Licoricidin (LCD) (0-20 μM; 24 hours) dose-dependently inhibits the viability of colon cancer cell lines with various pathological and genetic characters, namely SW480, HCT116, SW620 and LoVo cells, with IC ₅₀ values of 7.2, 5.4, 4.5 and 5.1 μM, respectively. Licoricidin (LCD) (0-20 μM; 0-12 hours) induces cell apoptosis was accompanied with the activation of caspase-3 by cleavage in a time- and dose-dependent manner. Licoricidin (LCD) (0-20 μM; 0-12 hours) induces autophagy of SW480 cells, increases the cleavage of LC3-I to LC3-II and the degradation of p62 in a time and dose dependent manner. Licoricidin (LCD) (0-5 μg/ml; 18 hours) inhibits cell migration, MMP-9 secretion, and VCAM expression in 4T1 cells.

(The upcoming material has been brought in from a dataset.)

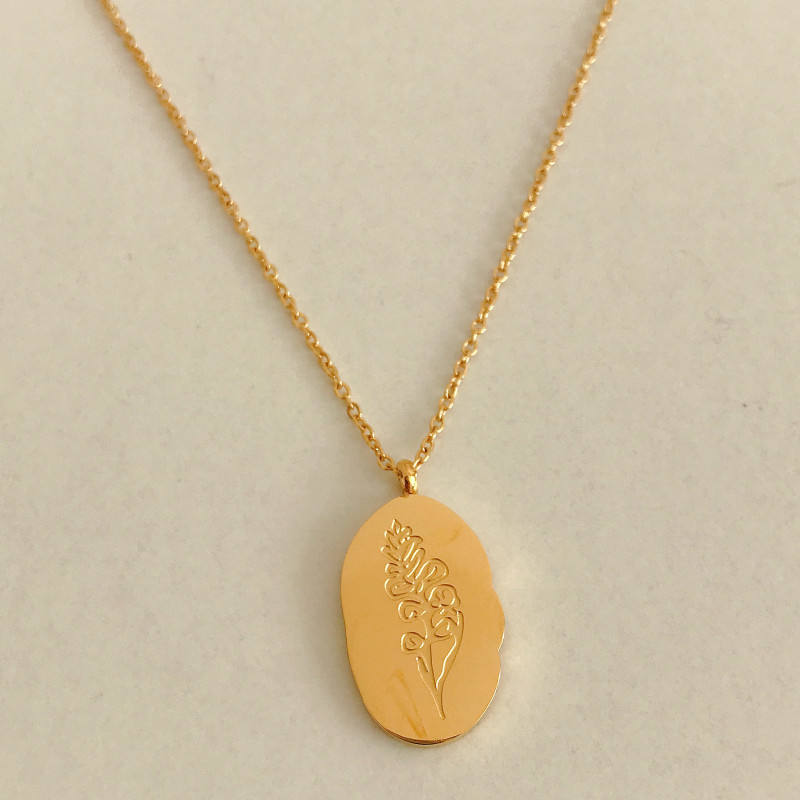 Gold Birth Flower Pendant Necklace with August birthstone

Licoricidin (LCD) (intraperitoneal injection; 5, 10, or 20 mg/kg; once daily; 15 days) significantly inhibited the growth of SW480 xenografts in nude mice with an inhibitory rate of 43.5%. Licoricidin (LCD) (intraperitoneal injection; 5, 10, or 20 mg/kg; once daily; 32 days) reduces pulmonary metastasis and the expression of CD45, CD31, HIF-1α, iNOS, COX-2, and VEGF-A in tumor tissues, additionally, decreases protein expression of VEGF-R2, VEGF-C, VEGF-R3, and LYVE-1 in tumor tissues of licoricidin-treated mice.